The move has drawn concern from green groups who believe it could set a dismal example for renewable energy use in Hong Kong, even as the government seeks to encourage wider adoption of renewable energy in private buildings.
The 29-storey building, Glorious Sun Group's One Peking, stood as a pioneering example of integrated photovoltaic systems when it was completed in 2003. Built into the crest of its southern exposure, the 144 solar power modules can generate a maximum capacity of eight kilowatts and are mainly used to power automated sunshades.
It remains one of the few commercial photovoltaic projects of its size in the city.
But since May the 200 square metre system, clearly visible from across the harbour, has been covered in a white material bearing the letters UBS and the bank's "three keys" logo.
Glorious Sun did not respond to inquiries about whether the modules still worked and whether the ad would affect their ability to absorb energy.
Building manager Jones Lang LaSalle said it was not in a position to comment, saying it was only responsible for property management. But one building worker said the photovoltaic system was "not used that often".
But some photovoltaic experts were doubtful they could work well, or at all, while covered.
"Whether modules work or not depends on their ability to absorb solar radiation," said Dr Vivien Lu Lin, a solar building applications expert at the Polytechnic University's building services engineering department.
"I can't see the modules at all so I don't think they actually work. Even if they do, the output is likely to be reduced significantly," Lu said.
Lu said she understood that many private enterprises in the city had experienced problems with their photovoltaic systems, and she wouldn't be surprised if the modules were there just for show in many cases.
"We'll never know because they don't publish statistics" about how much power they generate.
Dr Sam Hui Chun-man, a sustainable architecture and design expert at the University of Hong Kong's mechanical engineering department, said it was difficult to persuade Hong Kong landlords to use solar power.
"Many commercial buildings overseas feature such installations just to win an award … only to find out later that there are a lot of problems running it," he said. Some repairs are expensive. "The cost could be more than the power the whole system generates.

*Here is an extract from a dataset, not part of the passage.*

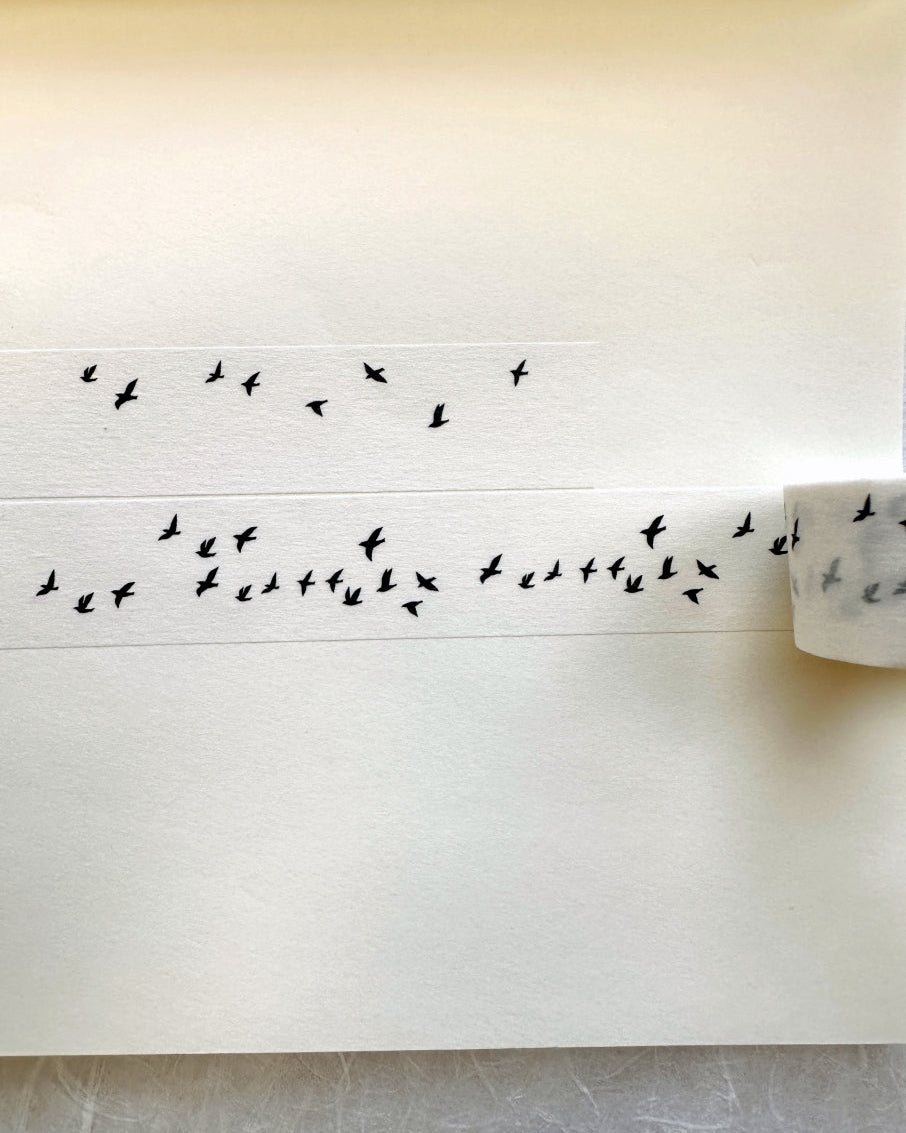 Hütte Paper Works - Migratory Birds washi tape SAMPLES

This is the dilemma."
Hui said he knew of schools that had applied for government funding for photovoltaic systems but had switched them off after just a few years due to the high costs and inconvenience of maintaining them.
Greenpeace senior campaigner Frances Yeung Hoi-shan said the covered photovoltaic units set a bad example. "It could add to the rhetoric that solar is just not practical and is difficult to run."

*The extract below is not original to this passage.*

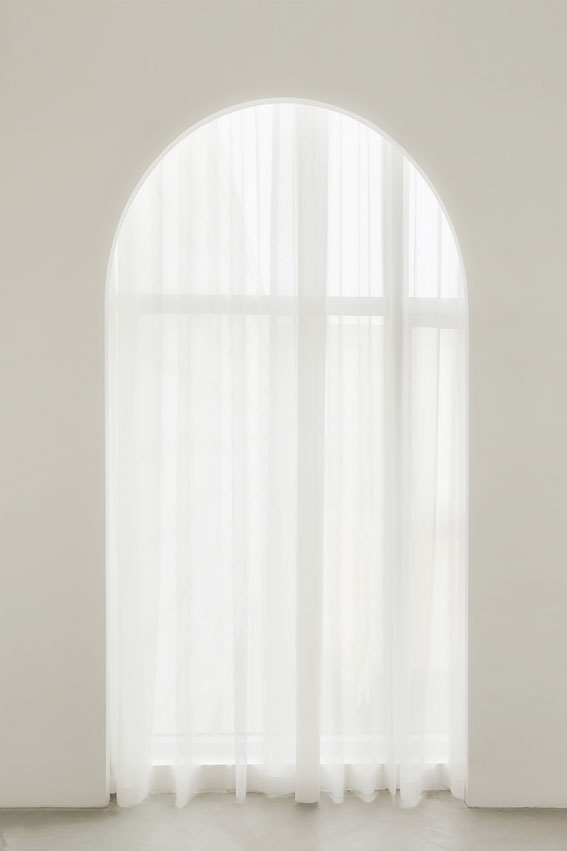 Kate 白いカーテンの窓の布の写真撮影の背景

Dr Sam Lam King-hang, founding member of the Hong Kong Photovoltaic Consortium and a former chairman, said that would disappoint many in the solar industry.
A UBS spokeswoman said the bank was to move into the 23rd and 25th floors of the building in the first quarter of next year, occupying 23,000 sq ft of office space. She said it signed a contract with local advertising agent Asiaray in May for the rooftop signage as well as a 12-storey wall advertisement down the side of the skyscraper.
AsiaRay did not respond to a request for comment.
The ad on the roof and wall will be the bank's "largest outdoor advertisement in the world" when completed and will be capable of featuring video graphics and LED lights. The bank refused to disclose the contract's cost.
It is estimated that renewable energy will be able to meet just 1 per cent of Hong Kong's total electricity demand by the early 2020s. The government says there is limited scope for it due to high costs and space constraints.
By comparison, both Singapore and Taiwan have targets of 8 per cent renewable energy by 2025, while the mainland aims to reach 30 per cent by 2020.